(What you should do)
Please quote exactly the lines below from the line containing "NOLITOY Barra LED" to the line containing "Ilustrasi thumbnail artikel", both lines included, and nothing else.

(Stored data)
☆ ☆ ☆ ☆ ☆

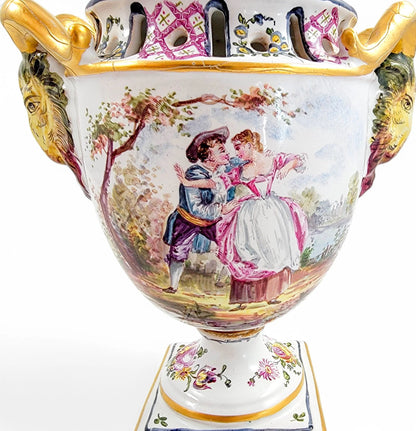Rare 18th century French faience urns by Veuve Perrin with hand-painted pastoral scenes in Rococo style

☆ ☆ ☆ ☆ ☆

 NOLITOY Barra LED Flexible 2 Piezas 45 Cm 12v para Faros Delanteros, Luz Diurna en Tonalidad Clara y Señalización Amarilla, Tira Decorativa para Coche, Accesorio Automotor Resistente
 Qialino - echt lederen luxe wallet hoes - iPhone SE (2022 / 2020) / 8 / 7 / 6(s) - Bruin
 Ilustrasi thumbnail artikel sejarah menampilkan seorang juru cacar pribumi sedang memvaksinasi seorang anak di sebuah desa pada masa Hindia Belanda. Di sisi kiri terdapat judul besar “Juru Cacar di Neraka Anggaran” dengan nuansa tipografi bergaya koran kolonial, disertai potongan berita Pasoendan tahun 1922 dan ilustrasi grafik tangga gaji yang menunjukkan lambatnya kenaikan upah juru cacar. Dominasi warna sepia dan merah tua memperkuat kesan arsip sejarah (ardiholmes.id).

☆ ☆ ☆ ☆ ☆

(Response area)
 NOLITOY Barra LED Flexible 2 Piezas 45 Cm 12v para Faros Delanteros, Luz Diurna en Tonalidad Clara y Señalización Amarilla, Tira Decorativa para Coche, Accesorio Automotor Resistente
 Qialino - echt lederen luxe wallet hoes - iPhone SE (2022 / 2020) / 8 / 7 / 6(s) - Bruin
 Ilustrasi thumbnail artikel sejarah menampilkan seorang juru cacar pribumi sedang memvaksinasi seorang anak di sebuah desa pada masa Hindia Belanda. Di sisi kiri terdapat judul besar “Juru Cacar di Neraka Anggaran” dengan nuansa tipografi bergaya koran kolonial, disertai potongan berita Pasoendan tahun 1922 dan ilustrasi grafik tangga gaji yang menunjukkan lambatnya kenaikan upah juru cacar. Dominasi warna sepia dan merah tua memperkuat kesan arsip sejarah (ardiholmes.id).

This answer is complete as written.